Após quase seis horas de depoimento, acabou por volta das 19h40 o depoimento do tenente-coronel Salvador Modesto Madia no julgamento do Massacre do Carandiru. Com isso, o juiz decretou um intervalo de 45 minutos antes de reiniciar os trabalhos, com a leitura de peças e a apresentação de vídeos. Amanhã (2) estão previstos os debates entre a defesa e os promotores e a decisão dos sete jurados.
Madia é um dos 25 policiais e ex-policiais militares da Rondas Ostensivas Tobias de Aguiar (Rota) que são acusados pela morte de 73 detentos que ocupavam o terceiro pavimento (ou segundo andar) do Pavilhão 9 da extinta Casa de Detenção Carandiru. Em 1992, quando ocorreu o massacre, Madia era tenente da Rota.
Durante o depoimento, o tenente-coronel negou que ele ou a sua tropa sejam responsáveis pelas mortes dos detentos. ;Sei que nós não fizemos [não matamos];, disse. Os 25 policiais se dizem inocentes pelas mortes dos detentos e insistem na tese de que houve a necessidade de invasão da Polícia Militar no local. Dos 25 policiais acusados, cinco prestaram depoimentos e todos falaram que houve confronto entre policiais e presos, que culminou em mortos e feridos. Outros 18 se mantiveram em silêncio e dois deles não acompanham os trabalhos do júri porque estão doentes.
No dia do massacre, disse Madia, ele chegou ao presídio carregando um revólver e uma metralhadora. Ao entrar na penitenciária, ouviu muitos gritos, barulhos e estampidos. E lembrou ter feito alguns disparos, mas não soube precisar quantos. Segundo ele, a situação no presídio, naquele dia, foi extremamente tensa, ;a maior adrenalina que já passou na vida;.
Durante interrogatório feito por promotores e por sua advogada de defesa, Ieda Ribeiro de Souza, o tenente-coronel comentou também sobre o período em que comandou a Rota, entre novembro de 2011 e setembro de 2012. Na época em que esteve no comando da Rota, a tropa de elite de São Paulo matou 48 pessoas entre janeiro e junho de 2012, segundo números da Ouvidoria da Polícia.
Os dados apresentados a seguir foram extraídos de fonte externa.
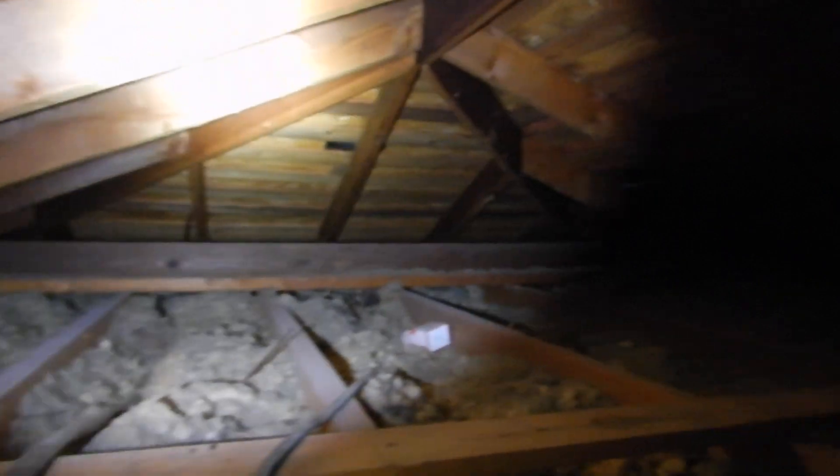We've had mice, but that's about par for the course. This opening should have a dam built around it so the insulation doesn't fall into the house. We also have a split rafter — not a rafter tie, but a split rafter right there.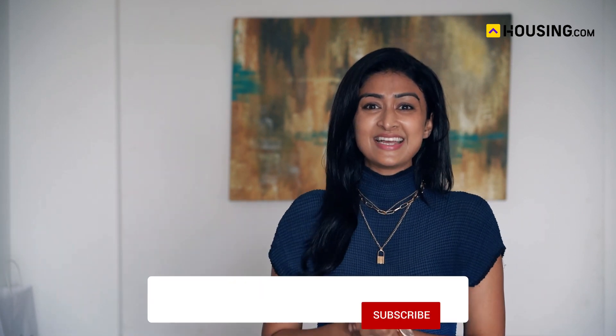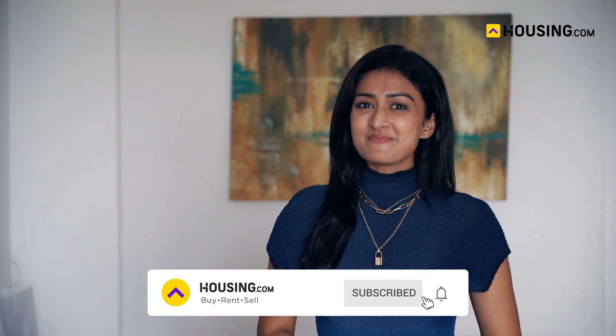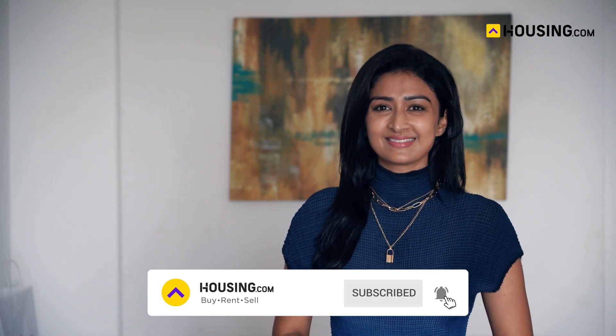Moving out — make it easy with these simple tips. Hi everyone, this is your very own Farnash Eti, and welcome back to Ask Housing. A lot of people have been asking us questions about steps related to moving out of a rental accommodation.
O número representou aumento de 20% em comparação a igual período do ano anterior.
Segundo Madia, as pessoas só falam do aumento do número de homicídios, mas se esquecem de que, no período em que comandou o órgão, houve um grande número de apreensões de drogas e de armas. ;Batemos, literalmente, de frente com o crime organizado. De verdade. Fizemos inúmeras apreensões, mas só se fala do número de letalidade;, disse.
Madia também falou do apreço que a população de São Paulo tem pela Rota. ;O povo adora a gente;, disse ele, ressaltando que a tropa de elite paulista entra nas regiões, principalmente periféricas, onde o Estado não chega e negou a ideia de que a Rota seja um instrumento policial criado para matar. ;A Rota, antes de matar, ela prende, ajuda as crianças, faz partos;, disse.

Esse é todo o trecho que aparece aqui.